Diamonds

Temptation. Sometimes it’s fine to yield. I stumbled on a math problem while writing the entry for TGRWT #5 and I can’t solve it. What is the most efficient way to cut diamond shapes from a square?


Making the cut

Baklava and kibbeh are usually cut into diamond shapes, which is a little harder to do than squares or rectangles. My mom eyeballs her way through a zig-zag patterns. The perfectionist in me wants to get some edible inks to print a guide for the knife to follow. Or better, a computer controlled laser cutter. In the mean time, there is an alternative to mom’s pattern (and other cooks too) that gives more full diamonds from a square dish:

You baked it in a square dish, right?

Start out by dividing the square in five horizontal strips. Eyeball the middle (yellow line) and then move the knife up a bit. The idea is to get a strip that will be divided into two and another that will be divided into three.
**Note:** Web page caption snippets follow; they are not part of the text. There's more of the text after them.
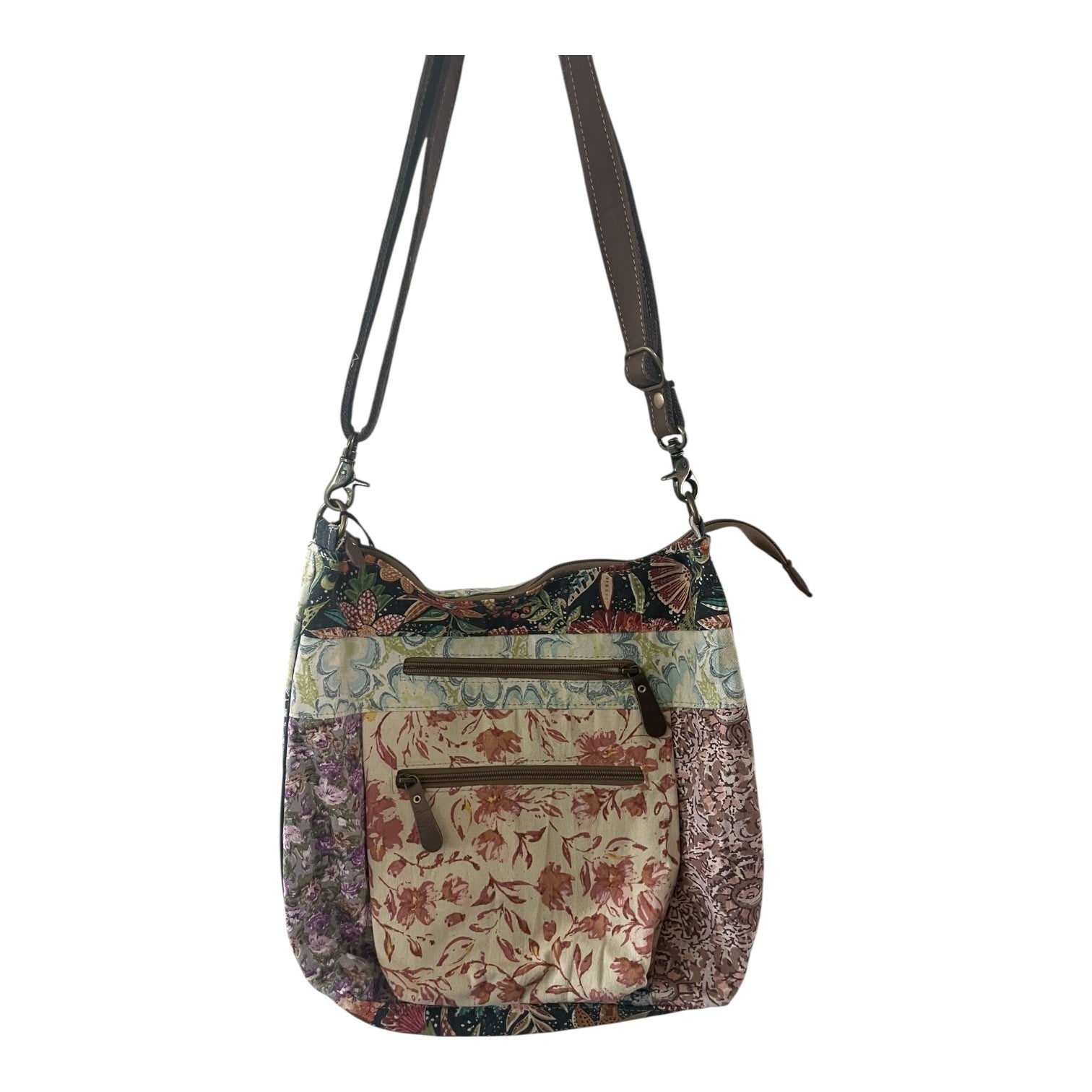 Floral patterned handbag with a strap on a white background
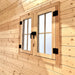 Close-up of a double wooden Multi Cube Versa 100 window with grid panes, black handles and hinges, and sunlit pine framing.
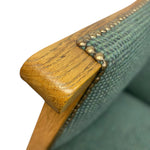 Load image into Gallery viewer, Close-up of a wooden chair armrest with green fabric and brass studs on a white background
Finish the horizontal cuts by dividing the upper section into two and the lower into three.

Move one third from the right and aim at the second cut down. Make one small cut.

Make one piece to the right of that cut by cutting the strip parallel to the first angled cut.
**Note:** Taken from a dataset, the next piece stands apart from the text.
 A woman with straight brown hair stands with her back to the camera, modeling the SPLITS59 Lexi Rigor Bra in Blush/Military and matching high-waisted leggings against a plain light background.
Divide the other side into three pieces.

Using the first strip as a guide zig-zag your way through the rest of the square.
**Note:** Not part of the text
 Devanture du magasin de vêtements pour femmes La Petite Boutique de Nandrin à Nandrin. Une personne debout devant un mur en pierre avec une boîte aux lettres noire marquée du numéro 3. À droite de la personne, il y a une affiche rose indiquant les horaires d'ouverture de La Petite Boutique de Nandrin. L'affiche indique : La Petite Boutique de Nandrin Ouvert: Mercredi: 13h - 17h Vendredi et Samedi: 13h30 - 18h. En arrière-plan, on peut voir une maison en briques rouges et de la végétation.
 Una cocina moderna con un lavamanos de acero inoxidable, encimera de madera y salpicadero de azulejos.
Finish the pattern, one row at a time.

The pattern is based on the idea that we can eyeball halves and thirds quite well. So to get fifths one tries to build it up from halves and thirds.

Mathematics. Beware

The zig-zag pattern has more full pieces than the straight line pattern.

more efficient pattern

You have the equivalent of 2.8 pieces of left-overs in the zig-zag, whereas in the straight line its 4.5 pieces. Which is better depends on how much you have to serve and how much you want to nibble.

That closet mathematician in me keeps asking what is the most efficient pattern? And if one finds it, how does one prove it is the most efficient? Finite space tiling questions are usually hard. Most efficient means that the area of the wasted pieces is as small as possible. The pieces would be perfect 60 degree lozenges of side one and not the 60.95 degree described above. The wasted pieces should add up to an area that is small with respect to the perimeter of the square (and not the area, because for simple patterns such as the zig-zag pattern the ratio of wastage to total area goes to zero as the square gets bigger).

This problem seems beyond recreational mathematics and in the realm of interacting models in statistical mechanics.